Tag: Small Business Inventory Management

  • Small Business Inventory Management

    Managing inventory variability is a constant struggle in business one tool to help manage this is a regression analysis. A regression analysis is a statistical assessment of date that seeks to identify a general overlaying trend. It defines a sample set of date as a line. Like all statistical tools a regression analysis has limitations and without an intuition of the sample data a regression analysis is useless. The following is a sample of how a regression analysis could be used in small business inventory management and how knowledge of the real world implications was taken into account.

    As an operations engineer of an aluminum and bronze casting facility that produces a proprietary line of electrical transmission components it was my job to address product requisitions, generate quotes and do what I can to make the fulfillment of orders go smoothly. One of the dilemmas that we faced was providing parts with a minimal lead time.

    More often then not customers came to us looking for parts they needed quickly, and in the world of power transmission a day can mean thousands upon thousands of dollars lost. We did what we could to get the needed parts out as fast as we could but if a part was not on the shelf there would most certainly be a delay. It isn’t practical to maintain a large inventory all the time due to the carrying costs involved so, as an alternative we kept a select inventory of our most popular parts available.

    As our name grew and more people heard about the product line, our market share also saw growth. This selective inventory model worked nicely for us but with the continual rise in sales comes a need for more parts on hand. The question became; at what rate should we continue to add to our selective inventory?

    Each part had a separate demand so for the sake of this exercise I focused on only one item. I have gathered the quantities sold of this part over a 34 month period. The data is as follows:

    Monthly

    date By Month

    Sum Of qty

     

     

    January 2003

    245

    February 2003

    186

    March 2003

    55

    April 2003

    326

    May 2003

    510

    June 2003

    329

    July 2003

    110

    August 2003

    52

    September 2003

    677

    October 2003

    100

    November 2003

    37

    December 2003

    362

    January 2004

    1014

    February 2004

    45

    March 2004

    136

    April 2004

    186

    May 2004

    196

    June 2004

    60

    July 2004

    213

    August 2004

    239

    September 2004

    191

    October 2004

    151

    November 2004

    32

    December 2004

    190

    January 2005

    1003

    February 2005

    100

    March 2005

    361

    April 2005

    154

    May 2005

    161

    June 2005

    561

    July 2005

    338

    August 2005

    135

    September 2005

    820

    October 2005

    1259

    Now that we have the data we can plot a regression and see our trend. Using Excel QM we find the definition of this trend line to be Y=8.52X+160

    As you can see our quantities are all over the place but there is an indication that we were experiencing an upward trend in our average volume.

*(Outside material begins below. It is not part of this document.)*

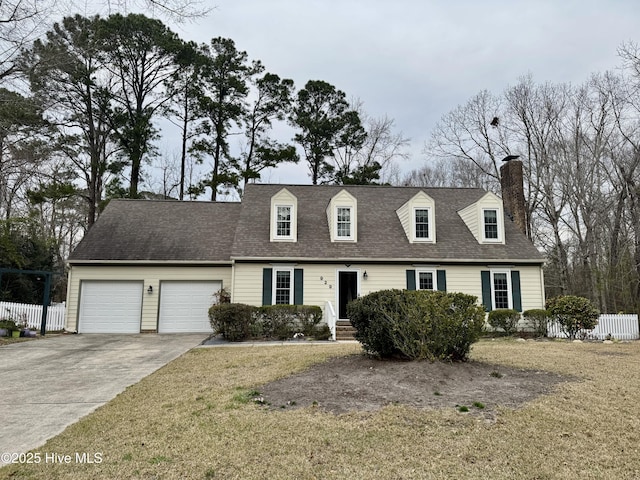 cape cod house with concrete driveway, an attached garage, fence, and a chimney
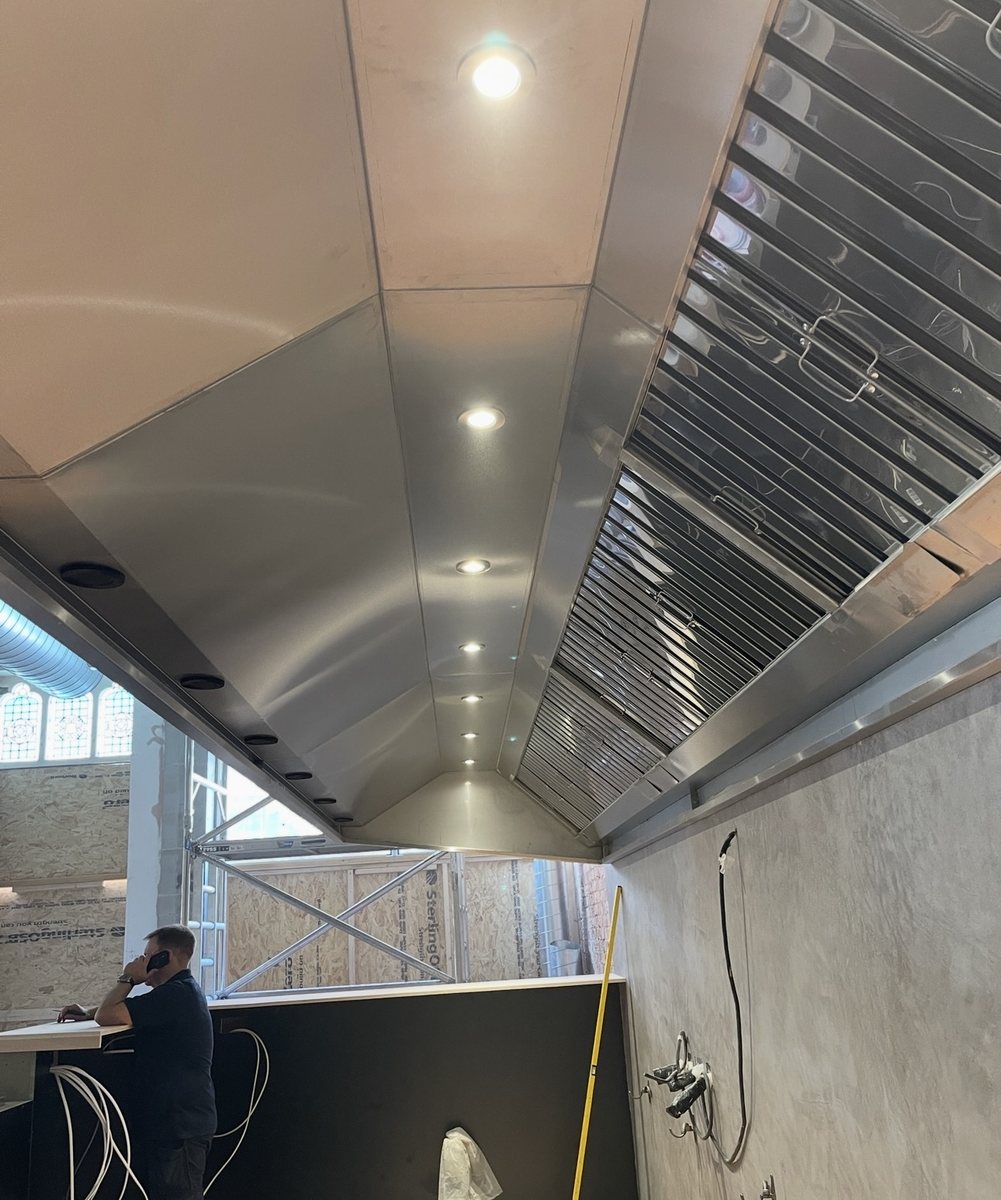 Bespoke wall-hung stainless steel extraction canopy with integrated lighting installed by Castle Catering Engineers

    This regression suggests that we were selling 8.52 additional parts every month. If this were the case it would be wise to add 8.52 additional parts to our on hand inventory every month to compensate. The result would be an out put that doubles roughly every 2 years.
    A product that doubles in sales every two years is a great for a company but lets look at the over all sales for each year to see how they match up. Taking a step back to make sure we see the full picture proved to be prudent.  

    Yearly

    date By Year

    Sum Of qty

     

     

    2003

    2989

    2004

    2653

    2005

    4892

       The data that we used to generate our regression shows a dip in sales in 2004 and a spike in 2005. It would be wise to take note of this as the deviation in sales is a good indication that the demand is not constant. If our demand isn’t constant we need to be careful about producing more parts then what we can sell.

    One way to combat this is to make the on site inventory a function of the prior month’s sales. Knowing that the ratio of standard orders to rush orders was about 7:1 we could determine a good starting point for our inventory to be 20% of the prior month’s sales. While this may result in a larger on site inventory then what is required for rush orders, it is more then likely not going to exceed the quantity that we will sell for the month.

    Every bit of data helps us determine what tomorrow might bring but no extent of data will ever insure us as to what tomorrow will bring. The regression analysis provided an indication to our macro rate of change while a quick look at our over all sales showed us that the distribution of sales was not uniform.

    A good practice would be to continually run the regression analysis for different time periods and see if perhaps we could identify potential cycles or seasonal trends that we could later exploit in order to maximize profit.

    I hope this illustrates how a tool like a regression analysis can be helpful but could lead to making wrong decisions if the practical circumstances are not understood. Many people right out of college have a great deal of tools under their belt but often do not know how to properly us them in the real world. My hope is that this illustration will push you to better understand your problems before spouting off a potential solution.